Le fléau des bateaux abandonnés
Outre la pollution dégagée par la carcasse du bateau et les hydrocarbures pouvant s’échapper des cuves, les bateaux s’échouent parfois sur des zones sensibles. « Certains écosystèmes peuvent en pâtir, comme les herbiers, les récifs coralliens ou les gorgones », ajoute Gipsy Tramoni.
Les bateaux hors d’usage (BHU) ont aussi un impact sur la faune et la flore. Depuis fin 2019, l’association pour la plaisance éco-responsable (Aper) a démantelé 8 570 bateaux en France, du petit dériveur au grand catamaran, dont 105 en Martinique (seul centre opérationnel dans les Outre-mer). « Il existe peu d’études sur l’impact environnemental de ces BHU sur l’environnement, la pollution principale est visuelle mais les composites résistent dans le temps et il est important de retirer tous les produits dangereux des bateaux », explique Ivana Lazarevic, déléguée générale de l’association. Le démantèlement est gratuit, seuls les coûts de transport sont à la charge du propriétaire.

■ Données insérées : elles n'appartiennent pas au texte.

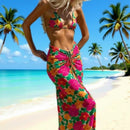 Swimsuit women's split three piece vacation seaside retro print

Les bateaux abandonnés sont un problème auquel sont confrontés de nombreux territoires d’Outre-mer. « Il y a une forte concentration de bateaux en Martinique. Parfois, les propriétaires ne les utilisent plus mais les laissent au mouillage. En cas de houle ou de cyclone, ils se détachent et finissent dans la nature », regrette la responsable scientifique à l’Asso-Mer. En Nouvelle-Calédonie, le Cluster maritime (organisation qui rassemble les acteurs calédoniens du domaine maritime) est engagé depuis 2018 dans l’enlèvement, la dépollution et la déconstruction des épaves. Son directeur, Philippe Darrason, estime que plus de 6 000 bateaux de plaisance seront en fin de vie dans les quinze prochaines années.
« Le fond de la mer ne peut pas être une poubelle »

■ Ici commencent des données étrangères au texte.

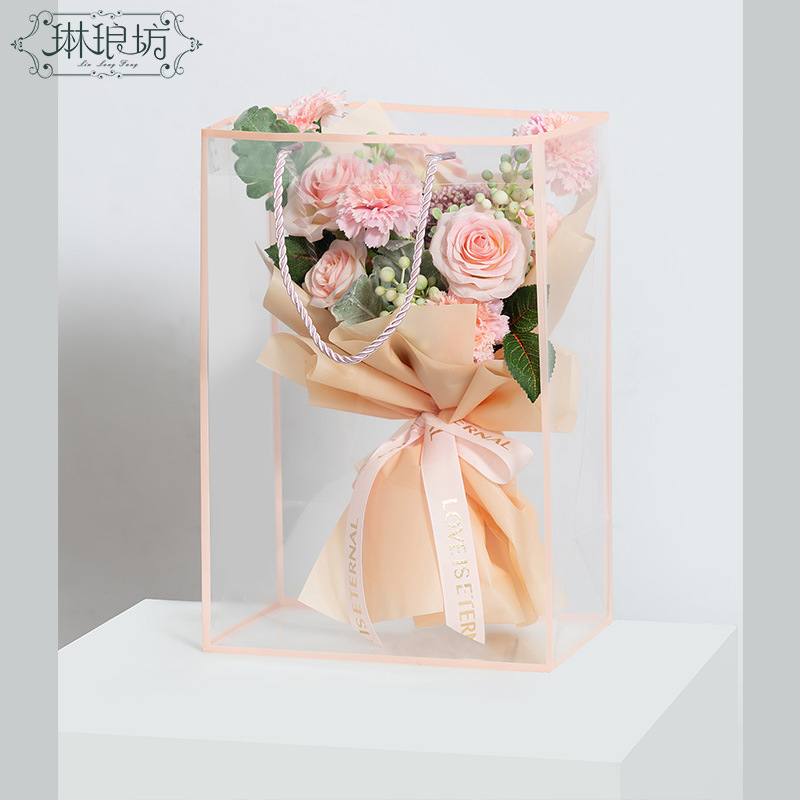 Huayang bolso colorido frontera ins fresco ramo regalo mano llevar bolsa transparente ver a través de plástico 10 unids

Ivana Lazarevic se veut rassurante : « Il y a aujourd’hui un stock historique de bateaux abandonnés, lorsqu’on l’aura nettoyé, la pollution causée par ces BHU diminuera. Je ne suis pas certaine que cette pratique perdure dans le temps. La conscience écologique de chacun pousse les propriétaires à adopter les bons gestes ».

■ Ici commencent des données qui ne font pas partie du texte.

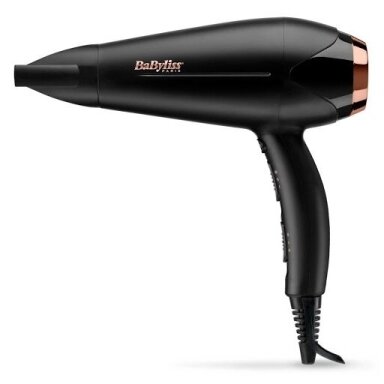 Plaukų džiovintuvas BaByliss D570DE, 2200 W, juodas/varinis, jonizacija, turmalino-keraminė danga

La Polynésie est elle aussi engagée sur la voie du démantèlement et n’a plus recours, depuis plusieurs années, à l’immersion des navires abandonnés ou des épaves. « Le fond de la mer ne peut pas être une poubelle à disposition de propriétaires de navire ignorant les enjeux environnementaux », justifie la Direction polynésienne des affaires maritimes (DPAM). Plusieurs opérations de retraits ont ainsi été menées par la DPAM et le Port automne et d’autres navires seront prochainement retirés des lagons grâce à l’aide financière du Fonds d’intervention maritime de l’État. Près de 70 propriétaires de bateaux ont été mis en demeure de retrait, selon la DPAM, et une vingtaine de navires ont été déconstruits dans les vingt dernières années.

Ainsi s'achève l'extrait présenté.